_Try it_.
The response must be made up of the lines in the entries below that contain "Mercedes".

_The data_.
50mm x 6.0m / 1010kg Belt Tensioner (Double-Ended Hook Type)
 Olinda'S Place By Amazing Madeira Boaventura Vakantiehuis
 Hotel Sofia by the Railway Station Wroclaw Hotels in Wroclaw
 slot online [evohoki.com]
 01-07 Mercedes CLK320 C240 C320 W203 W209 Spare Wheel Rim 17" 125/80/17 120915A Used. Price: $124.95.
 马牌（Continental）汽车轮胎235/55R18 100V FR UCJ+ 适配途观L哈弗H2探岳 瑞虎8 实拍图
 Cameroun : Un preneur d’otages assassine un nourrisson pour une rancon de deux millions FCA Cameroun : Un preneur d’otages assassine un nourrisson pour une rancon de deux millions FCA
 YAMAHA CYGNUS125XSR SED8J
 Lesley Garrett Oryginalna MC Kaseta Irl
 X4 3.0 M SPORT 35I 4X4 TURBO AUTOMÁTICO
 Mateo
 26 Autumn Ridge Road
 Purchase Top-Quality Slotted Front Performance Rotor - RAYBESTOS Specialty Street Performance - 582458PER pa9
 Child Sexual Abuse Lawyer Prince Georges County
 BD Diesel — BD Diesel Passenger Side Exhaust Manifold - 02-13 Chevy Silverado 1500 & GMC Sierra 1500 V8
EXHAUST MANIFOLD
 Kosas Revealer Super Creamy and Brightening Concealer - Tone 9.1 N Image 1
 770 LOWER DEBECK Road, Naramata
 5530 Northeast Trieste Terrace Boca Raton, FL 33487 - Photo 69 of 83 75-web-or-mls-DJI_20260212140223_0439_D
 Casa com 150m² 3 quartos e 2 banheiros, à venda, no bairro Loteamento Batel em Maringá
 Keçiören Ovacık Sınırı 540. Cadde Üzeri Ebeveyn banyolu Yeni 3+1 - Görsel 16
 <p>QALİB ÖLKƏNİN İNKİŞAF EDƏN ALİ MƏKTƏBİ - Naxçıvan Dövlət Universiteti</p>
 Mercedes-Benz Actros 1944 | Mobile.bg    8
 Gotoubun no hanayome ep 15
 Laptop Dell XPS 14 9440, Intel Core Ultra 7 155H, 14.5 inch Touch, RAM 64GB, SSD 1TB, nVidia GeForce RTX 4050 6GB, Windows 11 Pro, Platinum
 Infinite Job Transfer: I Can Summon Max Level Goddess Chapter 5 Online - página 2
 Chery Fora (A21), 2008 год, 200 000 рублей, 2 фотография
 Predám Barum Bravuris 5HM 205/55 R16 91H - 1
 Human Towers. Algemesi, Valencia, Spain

_Your solution_.
 01-07 Mercedes CLK320 C240 C320 W203 W209 Spare Wheel Rim 17" 125/80/17 120915A Used. Price: $124.95.
 Mercedes-Benz Actros 1944 | Mobile.bg    8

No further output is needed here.